THEORETICAL DRAWDOWN OF A HORIZONTAL WATER WELL WITHIN A DEEP CONFINED CLASTIC AQUIFER

Horizontal well drilling was developed in the petroleum industry to obtain oil from thin reservoir units that otherwise produce low yield. Horizontal drilling can possibly provide an increase in well productivity and a higher yield of petroleum recovery than can be obtained from a vertical well. Horizontal drilling has been recently applied to the exploitation of groundwater and its use represents the cutting edge of techniques for the water well industry. Understanding and predicting the impact of pumping horizontal wells in a confined aquifer can be complex because horizontal well geometries are similar to partially penetrating vertical wells and horizontal well functions have not been adequately developed. This study focuses on the geometry of the drawdown of a horizontal water well due to high volume pumpage from a deep confined clastic aquifer.

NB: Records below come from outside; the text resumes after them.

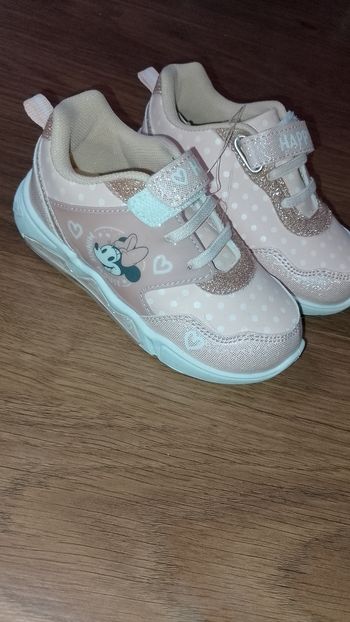 Basket Minnie Mouse Disney neuve P.25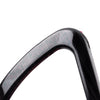 Ford Focus ST RS Interior Door Handle Frame Trim 4x Stainless Steel Black (2015-2018)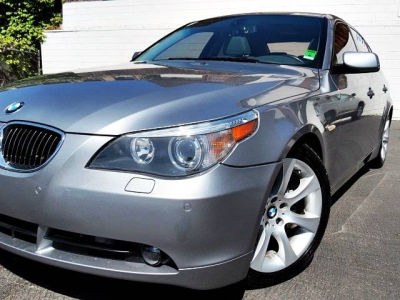 2005 BMW 545  i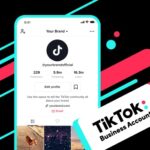 tiktok business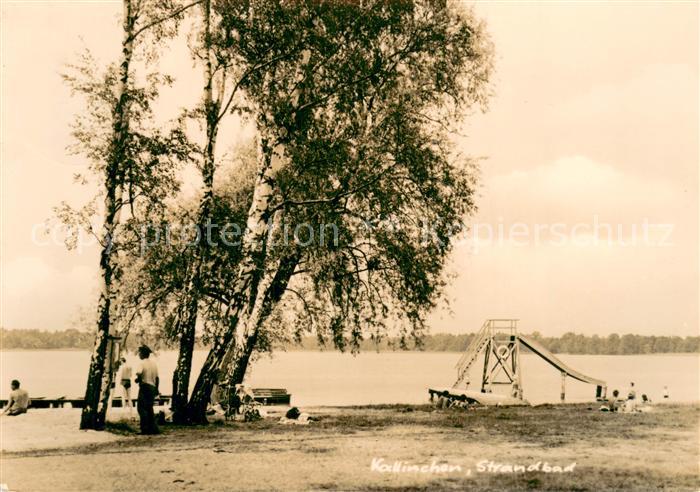 Kallinchen Strandbad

Several mathematical formulae for the determination of drawdown for a partially penetrating well in a confined aquifer were analyzed to see if they could be applied to a horizontal well. Hantush’s method of drawdown for a collecting well was also considered. A small-scale physical model representing a deep sand aquifer confined by clay was constructed to support the mathematical analysis. The model includes small fully penetrating monitoring wells placed around the pumping well to monitor the potentiometric surface changes. Another small-scale model with partially penetrating monitoring wells was used to compare the results from the first model. The simulated aquifer was pressurized to observe the changes in the potentiometric surface while the horizontal well was pumped at a constant rate. Data were then applied using the Theis method to show the change in drawdown with respect to time and compared to the Theis curve for a vertical partially penetrating well.